→ WHAT THE EXERCISE ASKS:
Copy, please, the line with "男士补水面膜哪个牌子最好,公认好用的男士面膜品牌" and each line that follows it through the end of the data below, exactly as given and without pictures.

→ RECORDS:
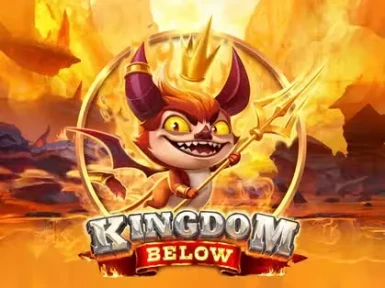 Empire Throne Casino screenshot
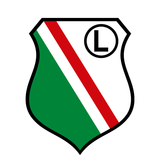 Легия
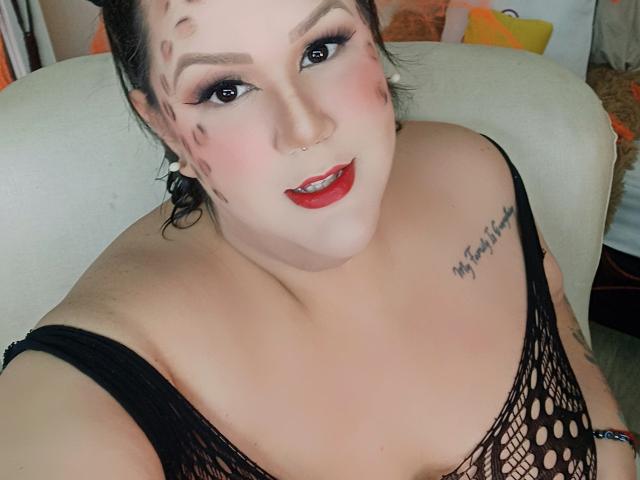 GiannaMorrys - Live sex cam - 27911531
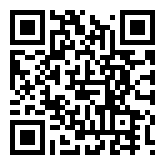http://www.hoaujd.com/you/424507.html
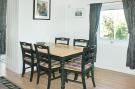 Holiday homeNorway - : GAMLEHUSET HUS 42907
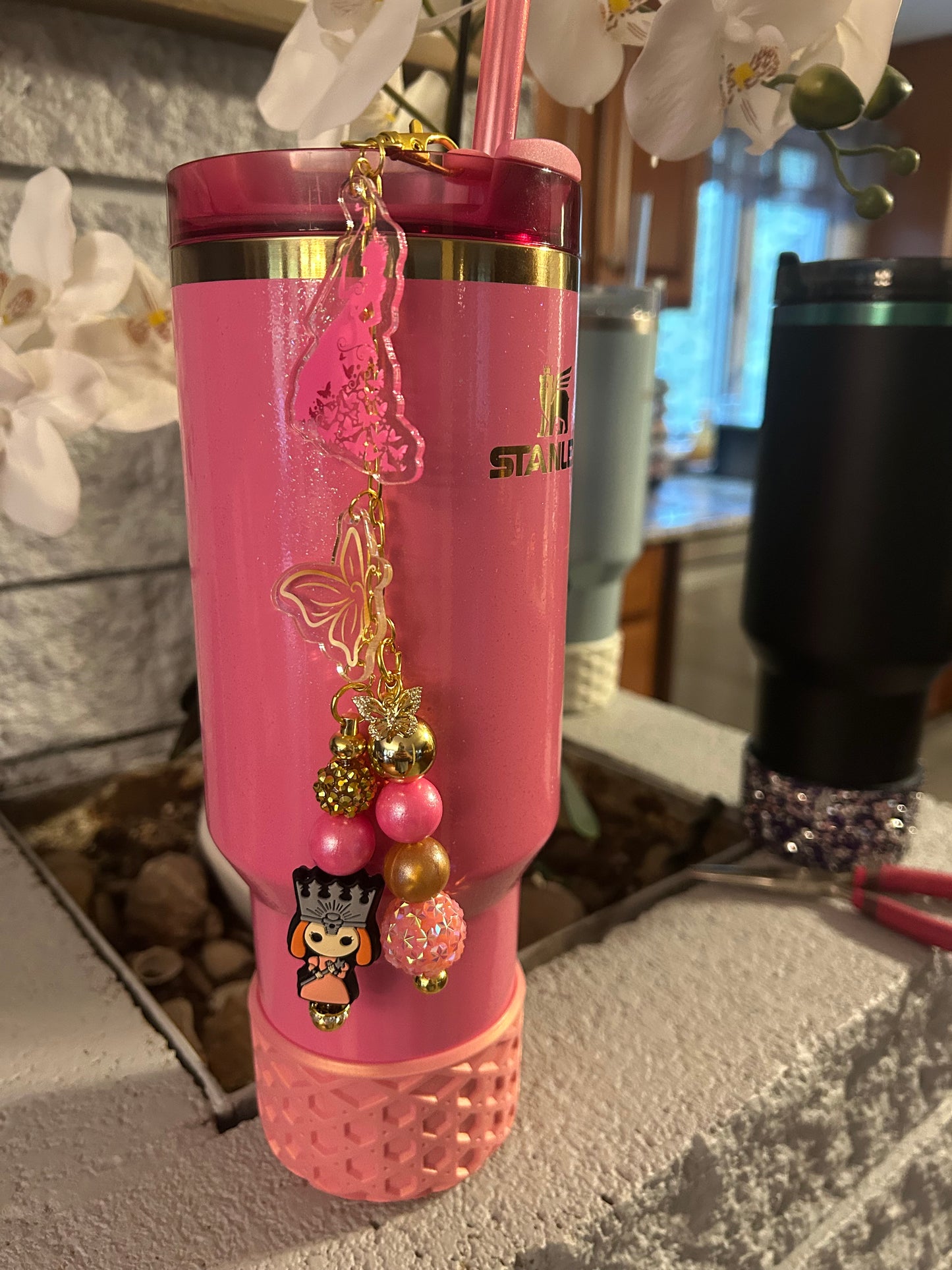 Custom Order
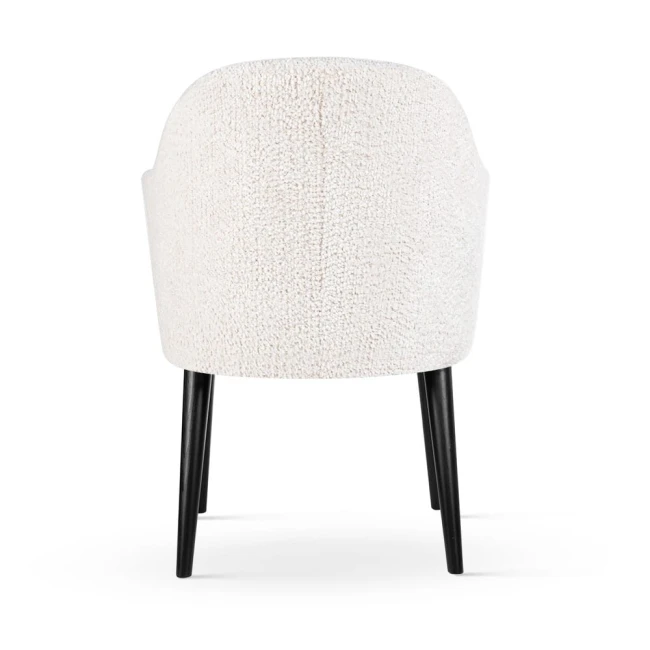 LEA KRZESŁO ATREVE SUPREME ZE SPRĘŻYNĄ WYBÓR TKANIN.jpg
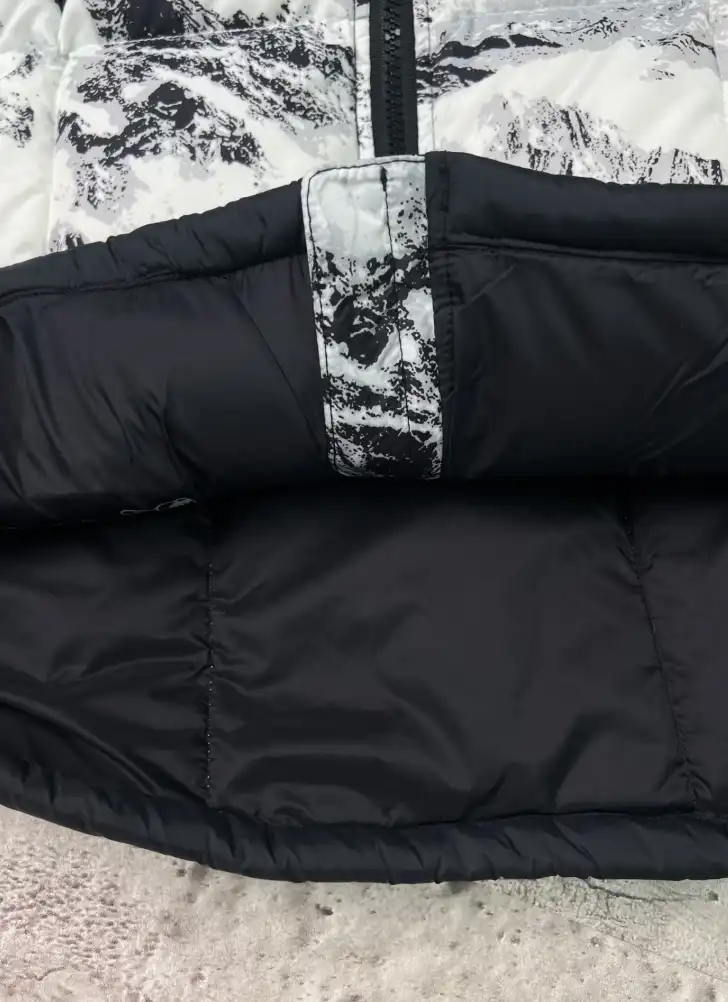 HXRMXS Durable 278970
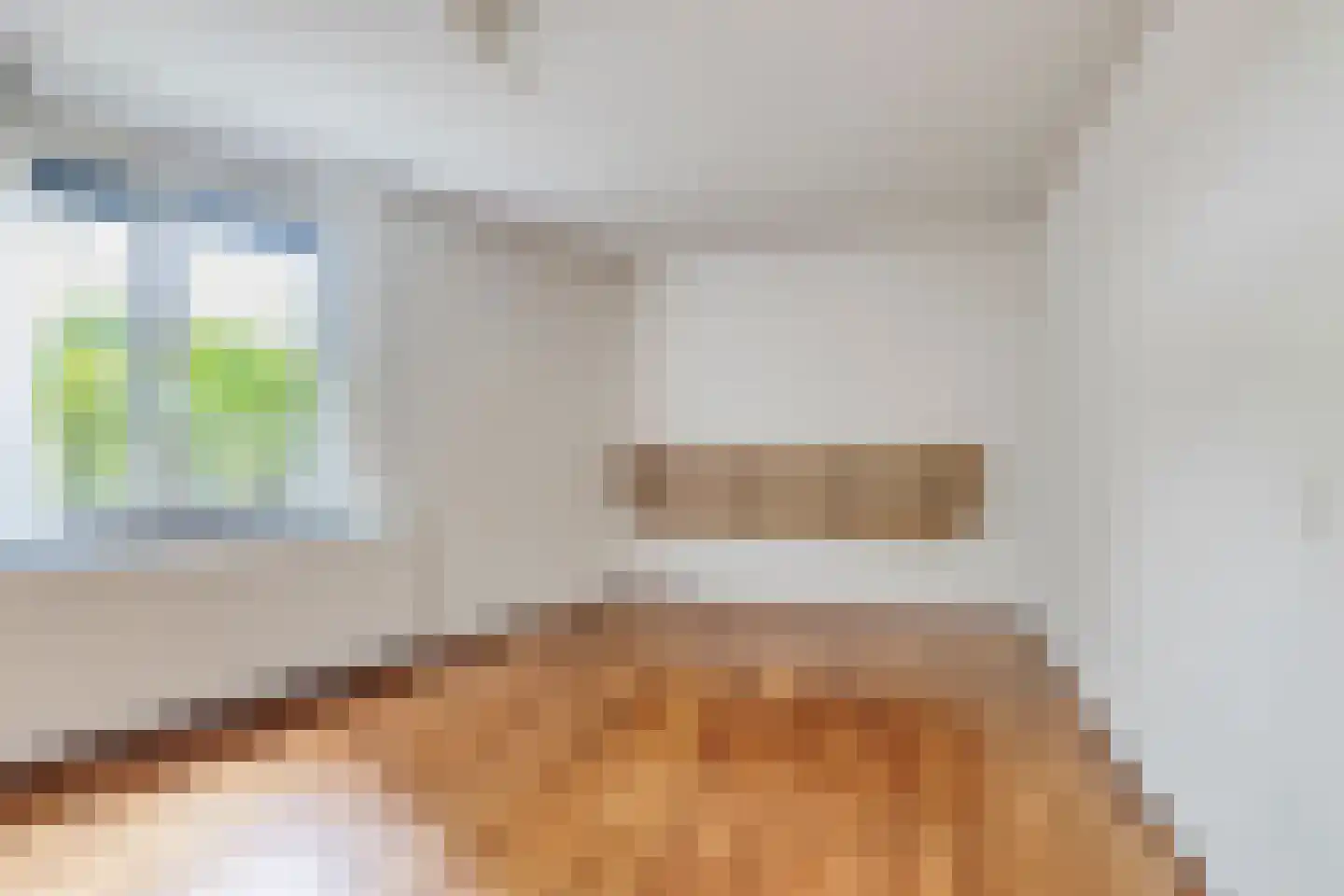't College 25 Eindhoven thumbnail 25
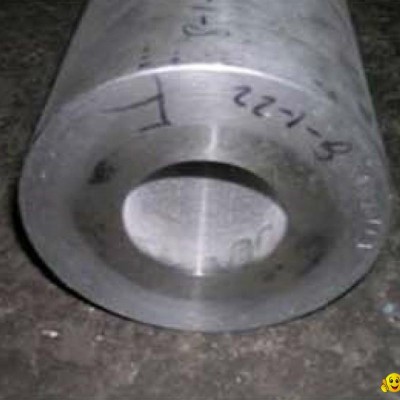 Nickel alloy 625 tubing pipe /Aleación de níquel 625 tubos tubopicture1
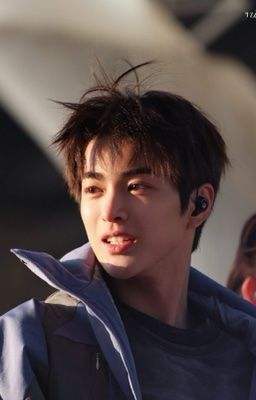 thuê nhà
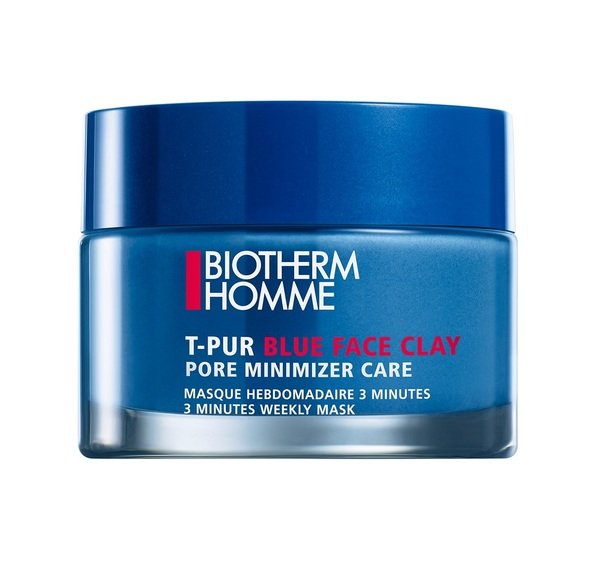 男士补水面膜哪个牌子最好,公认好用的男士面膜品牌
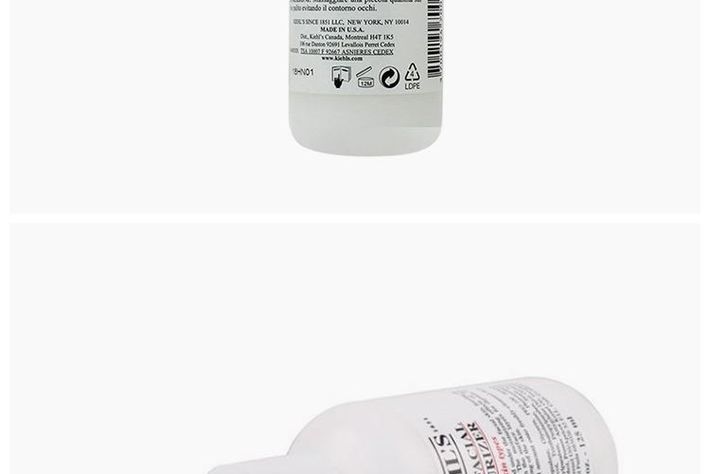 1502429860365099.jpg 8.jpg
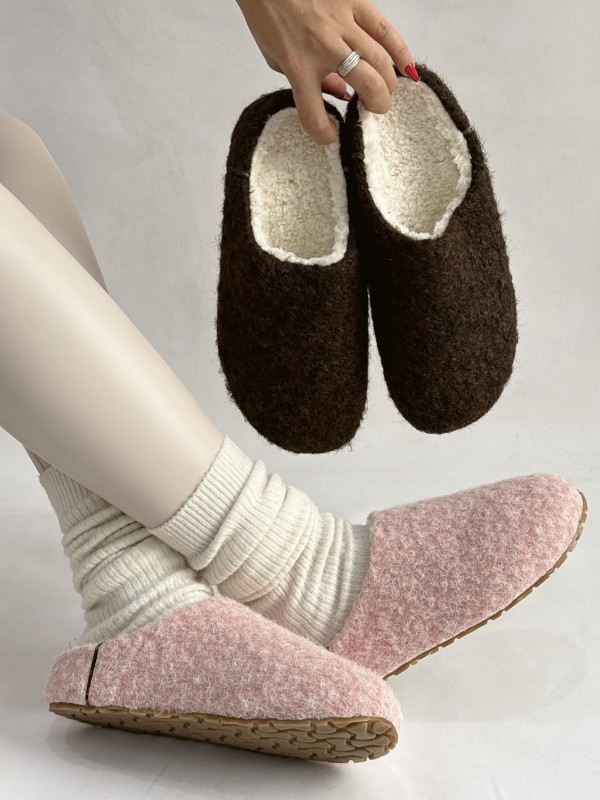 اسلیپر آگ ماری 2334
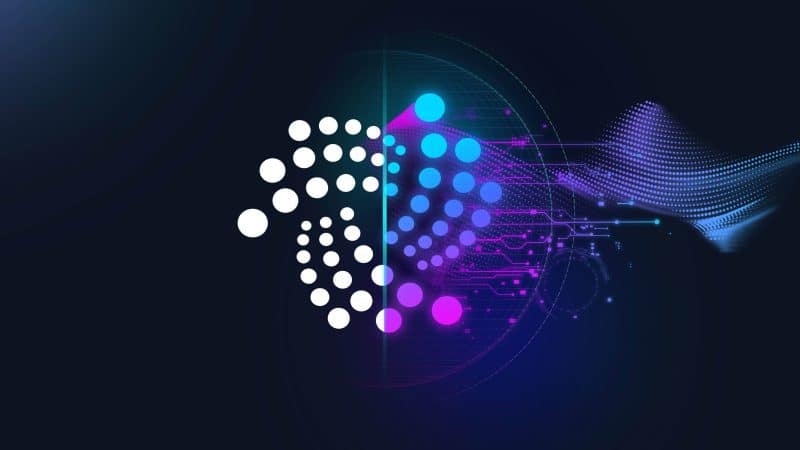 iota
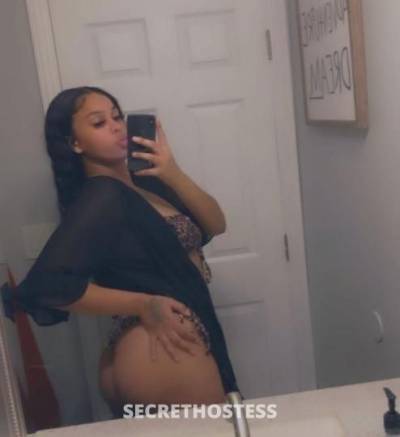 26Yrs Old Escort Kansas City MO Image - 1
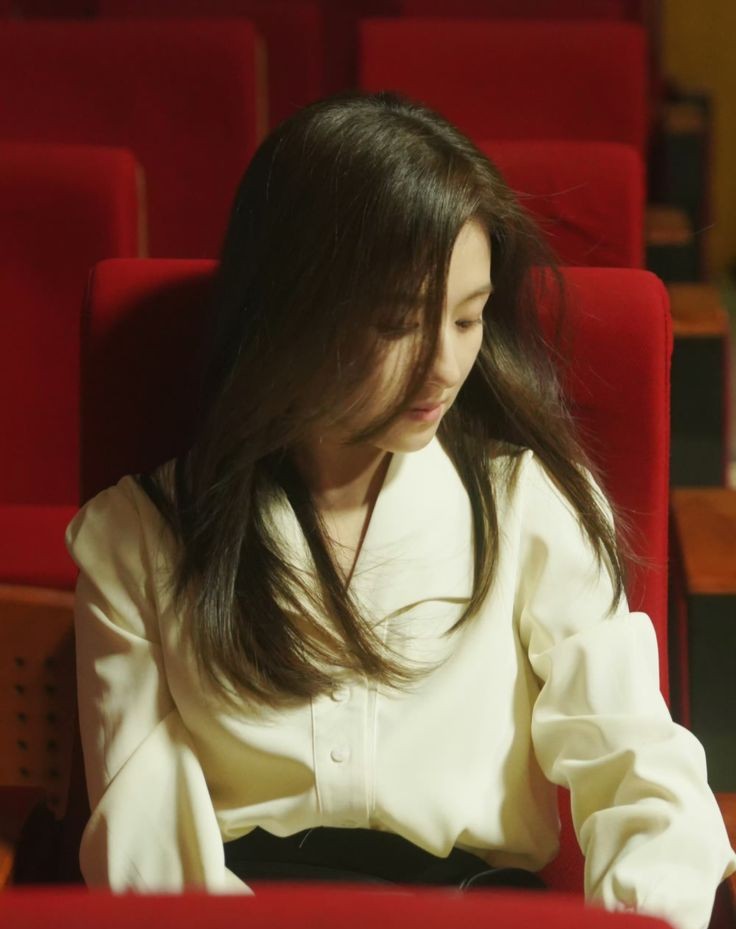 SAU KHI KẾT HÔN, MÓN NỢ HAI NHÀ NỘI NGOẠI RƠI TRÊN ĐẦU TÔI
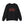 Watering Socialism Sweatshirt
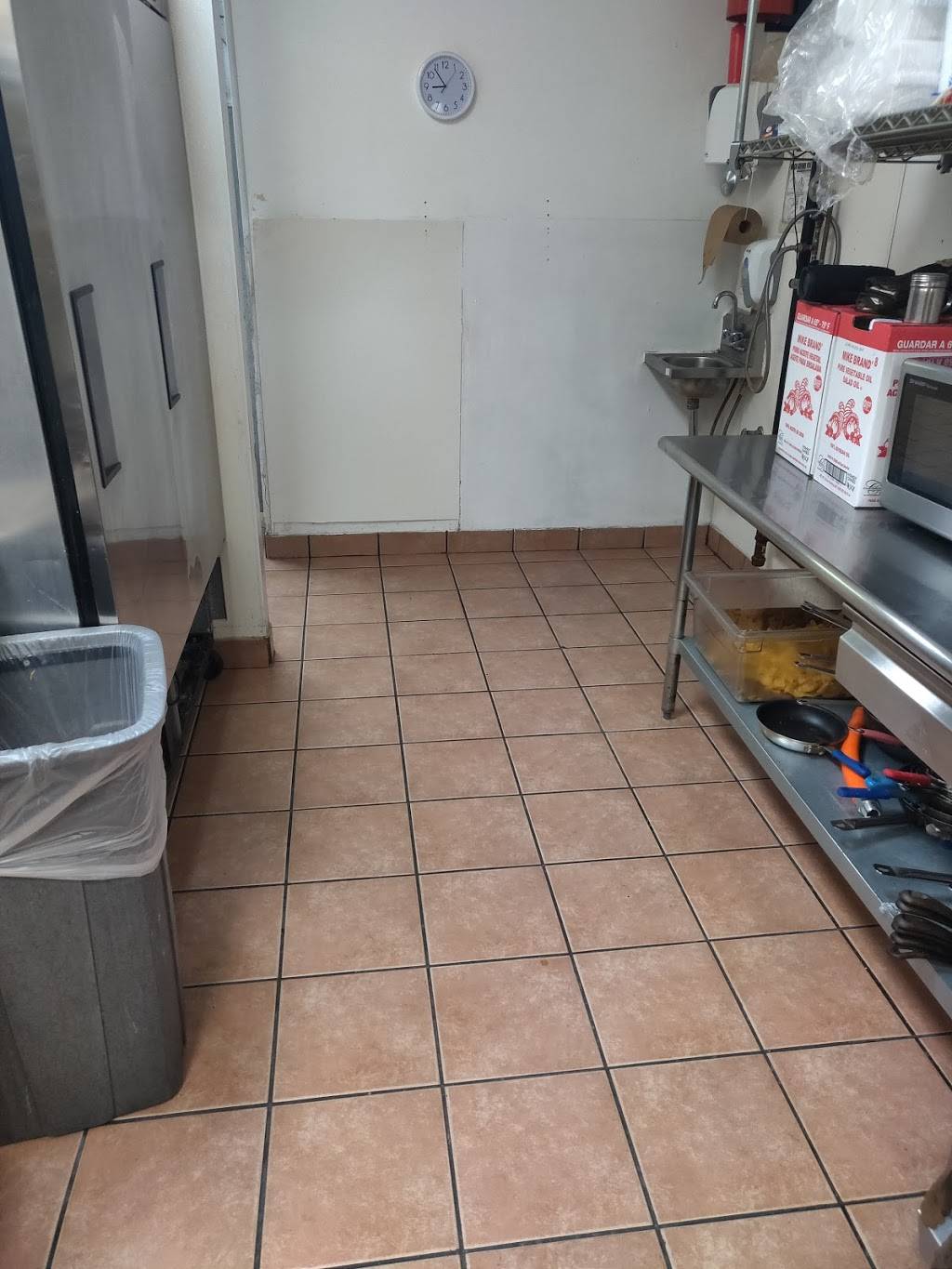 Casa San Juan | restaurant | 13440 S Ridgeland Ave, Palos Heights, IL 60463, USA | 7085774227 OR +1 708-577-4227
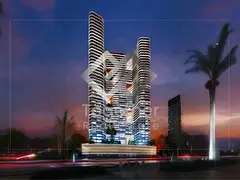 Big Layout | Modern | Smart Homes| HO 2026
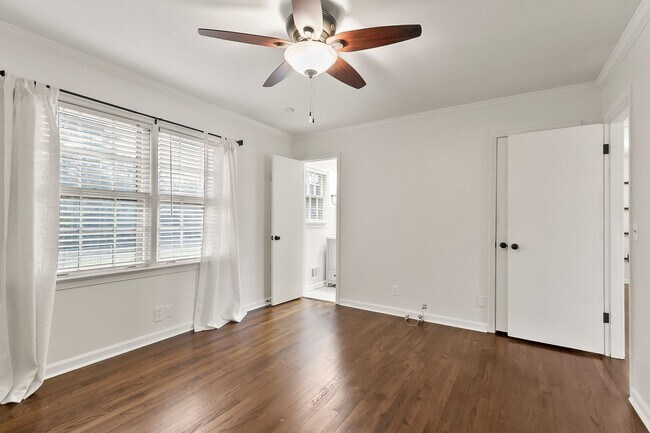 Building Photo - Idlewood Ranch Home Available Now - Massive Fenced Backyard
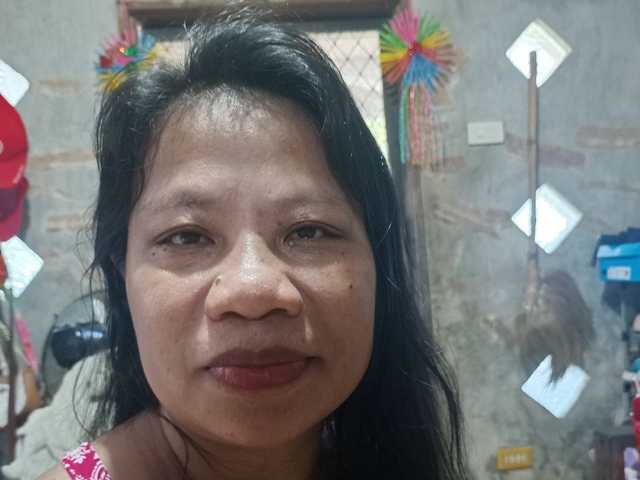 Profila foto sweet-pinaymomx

→ SOLUTION FOR THIS PROBLEM:
 男士补水面膜哪个牌子最好,公认好用的男士面膜品牌
 1502429860365099.jpg 8.jpg
 اسلیپر آگ ماری 2334
 iota
 26Yrs Old Escort Kansas City MO Image - 1
 SAU KHI KẾT HÔN, MÓN NỢ HAI NHÀ NỘI NGOẠI RƠI TRÊN ĐẦU TÔI
 Watering Socialism Sweatshirt
 Casa San Juan | restaurant | 13440 S Ridgeland Ave, Palos Heights, IL 60463, USA | 7085774227 OR +1 708-577-4227
 Big Layout | Modern | Smart Homes| HO 2026
 Building Photo - Idlewood Ranch Home Available Now - Massive Fenced Backyard
 Profila foto sweet-pinaymomx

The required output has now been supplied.